MMS • Daniel Dominguez
Article originally posted on InfoQ. Visit InfoQ
AWS announced that users can now create labeled synthetic data with Amazon SageMaker Ground Truth. SageMaker Ground Truth is a data labeling service that makes it simple to label data and allows you the choice to use human annotators through third-party suppliers, Amazon Mechanical Turk, or your own private workforce. Without actively gathering or labeling real-world data, you can alternatively produce tagged synthetic data. On your behalf, SageMaker Ground Truth can produce millions of automatically labeled synthetic images.
The process of creating machine-learning models is iterative and begins with data preparation and gathering, then moves on to model training and model deployment. Collecting extensive, varied, and precisely labeled datasets for your model training is frequently difficult and time-consuming, especially the initial stage.
For the purpose of building more comprehensive training datasets for your machine-learning models, combining your real-world data with synthetic data is helpful.
Synthetic data itself is created by simple rules, statistical models, computer simulations, or other techniques. This makes it possible to generate vast amounts of synthetic data with extremely precise labels for annotations over tens of thousands of images. A very small granularity, such as a pixel or sub-object level, and across modalities, can be used to determine the label accuracy.
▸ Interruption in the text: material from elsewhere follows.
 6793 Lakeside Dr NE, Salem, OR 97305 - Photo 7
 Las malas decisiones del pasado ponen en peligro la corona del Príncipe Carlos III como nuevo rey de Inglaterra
Bounding box, polygon, depth, and segment modalities are some examples.
Synthetic data is a powerful solution to two different problems: data limitations and privacy risks. When there is a lack of labeled data, training data can be supplemented by synthetic data to reduce overfitting. In the instance of privacy protection, data curators can provide made-up data rather than actual data in a way that simultaneously safeguards users’ privacy and keeps the original data’s usefulness.
By adding data diversity that real-world data may lack, you can produce more full and balanced data sets by combining your real-world data with synthetic data.
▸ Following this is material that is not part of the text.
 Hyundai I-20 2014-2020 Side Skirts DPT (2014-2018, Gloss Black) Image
With SageMaker Ground Truth, you are free to design any imaging scenario with synthetic data, including edge cases that could be challenging to identify and replicate in real-world data. Variations can be added to objects and surroundings to reflect changing lighting, colors, textures, poses, or backgrounds.
In other words, you may order the precise use case for which your machine-learning model is being trained. Amazon SageMaker Ground Truth synthetic data is available in US East (N. Virginia). Synthetic data is priced on a per-label basis.